How to loop through and return any value if it is found inside any other column, and store it in a list using pandas? It doesn't matter how many times it is found, just that it is found at least one more time in a different column. If the value has repeated within the same column, it's not included in the list. Each value must be compared to every other value except from within the same column, if that makes sense.

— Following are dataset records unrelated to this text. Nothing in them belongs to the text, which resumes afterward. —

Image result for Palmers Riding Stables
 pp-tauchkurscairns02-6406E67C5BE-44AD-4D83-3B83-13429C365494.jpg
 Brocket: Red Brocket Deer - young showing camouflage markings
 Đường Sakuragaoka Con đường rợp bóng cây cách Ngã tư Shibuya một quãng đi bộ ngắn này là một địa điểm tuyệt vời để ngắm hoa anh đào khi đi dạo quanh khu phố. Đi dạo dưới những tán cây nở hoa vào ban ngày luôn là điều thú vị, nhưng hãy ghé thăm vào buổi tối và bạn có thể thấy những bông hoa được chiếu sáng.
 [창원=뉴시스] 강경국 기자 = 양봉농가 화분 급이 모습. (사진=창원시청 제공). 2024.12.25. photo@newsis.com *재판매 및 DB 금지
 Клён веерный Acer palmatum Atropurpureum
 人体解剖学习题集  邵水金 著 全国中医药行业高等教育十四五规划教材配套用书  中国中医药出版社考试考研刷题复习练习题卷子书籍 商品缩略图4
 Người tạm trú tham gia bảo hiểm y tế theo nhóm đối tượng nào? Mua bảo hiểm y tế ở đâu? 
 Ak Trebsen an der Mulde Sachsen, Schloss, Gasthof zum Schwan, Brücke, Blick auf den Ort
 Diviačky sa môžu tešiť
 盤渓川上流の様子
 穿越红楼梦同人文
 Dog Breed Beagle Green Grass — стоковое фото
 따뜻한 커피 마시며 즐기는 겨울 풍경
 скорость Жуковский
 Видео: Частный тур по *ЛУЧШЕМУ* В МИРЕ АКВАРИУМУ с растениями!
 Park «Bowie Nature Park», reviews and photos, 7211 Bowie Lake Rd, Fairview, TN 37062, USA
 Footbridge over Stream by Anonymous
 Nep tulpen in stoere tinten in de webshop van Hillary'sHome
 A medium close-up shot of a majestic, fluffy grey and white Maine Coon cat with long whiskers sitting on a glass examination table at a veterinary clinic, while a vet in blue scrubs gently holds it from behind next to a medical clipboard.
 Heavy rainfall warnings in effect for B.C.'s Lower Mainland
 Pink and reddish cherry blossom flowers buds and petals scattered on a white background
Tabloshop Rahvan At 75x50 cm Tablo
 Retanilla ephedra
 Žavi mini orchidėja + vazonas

combined_insp = [] test_df = pd.DataFrame({'area_1': ['John', 'Mike', 'Mary', 'Sarah'], 'area_2': ['John', 'Bob', 'Mary', 'Mary'], 'area_3': ['Jane', 'Sarah', 'David', 'Michael'], 'area_4': ['Diana', 'Mike', 'Bill', 'Bill']})
Expected output would be
combined_insp = ['John', 'Mary', 'Sarah', 'Mike']
CodePudding user response:
A solution with itertools
and set algebra:
from itertools import combinations
combined_insp = set.union(*[set(test_df[c1]).intersection(test_df[c2])
for (c1, c2) in combinations(test_df.columns, 2)])
For each unique combination of columns we take the intersection of the values. Then we take the union of all the results.
CodePudding user response:
You can use pandas.apply(set)
for removing duplicated elements in each list. Then You can use itertools.chain.from_iterable
to flatten all elements to one list. At the end, you can use collections.Counter
for counting elements and returning elements that have count > 1
. (type of the result of Counter
is dict
and you can iterate over dict
with dict.items()
.)
from itertools import chain
from collections import Counter
combined_insp = [k for k,v in Counter(chain.from_iterable(test_df.apply(set))).items() if v>1]
print(combined_insp)
['Sarah', 'Mike', 'Mary', 'John']
CodePudding user response:
here is one way to do it
# pd.melt to flatted the table, then use groupby and take the names that appear more than once
g=df.melt(value_name='area').drop_duplicates().groupby('area')
[key for key, group in g if (group.count() > 1).all() ]
['John', 'Mary', 'Mike', 'Sarah']
CodePudding user response:
counts = df.melt().drop_duplicates()['value'].value_counts()
answer = counts[counts > 1].index.to_list()